Somehow, I could not bring myself to begin. I could not bear to see the words on my screen. It almost felt like I would be killing her if I actually typed the words on my keyboard. And so I didn’t.

So many times I thought I was ready but I was not.

I would pray, “Lord, let Mama go quietly and peacefully. Let her go when she is ready.” The next day, however, I would shamelessly backtrack, “Lord, not yet. Not today, please. I’m not yet ready.”

But the following day, I would redeem myself, “Lord, I’m sorry for being weak and selfish. Let Mama go when she’s ready NOT when I’m ready. Don’t wait for me.”

I heard it many times before that no matter how you prepare, you can never really prepare for the actual end. It doesn’t matter how long they ail or suffer. There is a part of you that will hold on to them till the very end. And it’s true.

You are enveloped with a sense of relief immediately after they pass and their pain ends. But in the aftermath of the deluge of love and condolences that come your way, you go home to a house—missing someone you love.

It is not the same. But you know life has to go on.

There is this blanket of melancholy that wraps you in the days that follow. In your quiet moments, your tears fall. You are both happy and sad. Happy that the person you love no longer suffers but sad for a host of reasons too many to count and too sad to list.

My mother passed away. I practiced saying this—weeks before my mother actually passed. I practiced saying it because I knew that eventually, I would have to say it. And I would have to say it with the grace my mother would have expected me to have.

They say that grief is like the ocean. It comes in waves.

There are days when you feel like drowning, when all you can do is still the pounding of your heart, focus on keeping your head above water and remember that the average density of the human body with air in the lungs is less than that of water.
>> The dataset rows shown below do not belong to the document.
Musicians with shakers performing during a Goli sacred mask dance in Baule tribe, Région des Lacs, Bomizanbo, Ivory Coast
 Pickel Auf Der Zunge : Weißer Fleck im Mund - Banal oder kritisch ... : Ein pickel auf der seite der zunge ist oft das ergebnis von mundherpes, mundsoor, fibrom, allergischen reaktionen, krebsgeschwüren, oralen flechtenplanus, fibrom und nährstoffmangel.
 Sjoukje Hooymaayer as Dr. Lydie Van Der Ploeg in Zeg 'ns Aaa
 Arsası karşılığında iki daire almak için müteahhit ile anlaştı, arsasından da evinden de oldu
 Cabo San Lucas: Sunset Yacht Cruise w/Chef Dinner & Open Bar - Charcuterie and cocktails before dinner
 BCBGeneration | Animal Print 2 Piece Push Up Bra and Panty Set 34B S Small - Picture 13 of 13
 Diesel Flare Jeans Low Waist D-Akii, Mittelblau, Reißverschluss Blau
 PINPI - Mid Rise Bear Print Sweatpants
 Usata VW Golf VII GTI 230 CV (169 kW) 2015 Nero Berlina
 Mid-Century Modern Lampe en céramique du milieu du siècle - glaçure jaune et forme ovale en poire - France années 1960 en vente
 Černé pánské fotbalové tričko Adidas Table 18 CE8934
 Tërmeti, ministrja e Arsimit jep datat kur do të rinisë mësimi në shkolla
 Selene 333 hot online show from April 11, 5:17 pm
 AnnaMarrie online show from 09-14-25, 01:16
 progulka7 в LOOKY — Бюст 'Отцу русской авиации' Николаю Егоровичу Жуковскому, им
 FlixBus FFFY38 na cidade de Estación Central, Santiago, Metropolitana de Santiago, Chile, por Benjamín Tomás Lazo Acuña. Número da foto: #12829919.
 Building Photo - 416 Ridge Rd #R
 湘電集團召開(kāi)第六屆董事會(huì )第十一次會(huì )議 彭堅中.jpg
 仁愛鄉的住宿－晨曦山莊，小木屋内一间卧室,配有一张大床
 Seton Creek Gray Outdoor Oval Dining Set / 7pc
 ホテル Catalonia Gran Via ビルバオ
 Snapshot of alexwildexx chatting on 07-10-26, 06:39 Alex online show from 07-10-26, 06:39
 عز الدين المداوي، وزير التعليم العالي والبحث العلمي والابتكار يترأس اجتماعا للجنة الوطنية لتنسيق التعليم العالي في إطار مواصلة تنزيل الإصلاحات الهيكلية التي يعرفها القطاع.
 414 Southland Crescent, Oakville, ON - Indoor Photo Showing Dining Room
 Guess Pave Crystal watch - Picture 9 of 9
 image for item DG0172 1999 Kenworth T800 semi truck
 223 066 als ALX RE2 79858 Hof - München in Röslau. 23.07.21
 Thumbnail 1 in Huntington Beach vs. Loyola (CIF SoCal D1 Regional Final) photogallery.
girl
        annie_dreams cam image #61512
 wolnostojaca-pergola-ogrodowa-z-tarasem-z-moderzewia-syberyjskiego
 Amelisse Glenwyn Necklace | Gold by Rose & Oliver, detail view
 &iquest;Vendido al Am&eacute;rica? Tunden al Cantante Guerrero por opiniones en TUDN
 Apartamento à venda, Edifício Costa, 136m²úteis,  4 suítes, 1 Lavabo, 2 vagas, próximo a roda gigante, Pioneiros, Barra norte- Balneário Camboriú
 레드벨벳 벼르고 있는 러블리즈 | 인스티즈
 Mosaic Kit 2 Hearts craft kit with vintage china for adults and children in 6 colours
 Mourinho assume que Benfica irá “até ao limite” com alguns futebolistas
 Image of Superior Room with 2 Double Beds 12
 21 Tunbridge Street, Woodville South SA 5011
So, theoretically, if you remain calm, you will float.

It’s a survival technique. Mind over matter. Sometimes, it works. Sometimes, it doesn’t. But it will have to work this time—because it’s the only way to carry on.

My mother instilled in me the value of preparation. And so I have braced for life’s losses and heartbreaks since I was a child. I may not be a strong swimmer but I know I will survive life’s currents because this is what my mother trained me to be all my life—to be a survivor.

I will not drown. I will stay afloat. My mother believed in me. I will not fail her.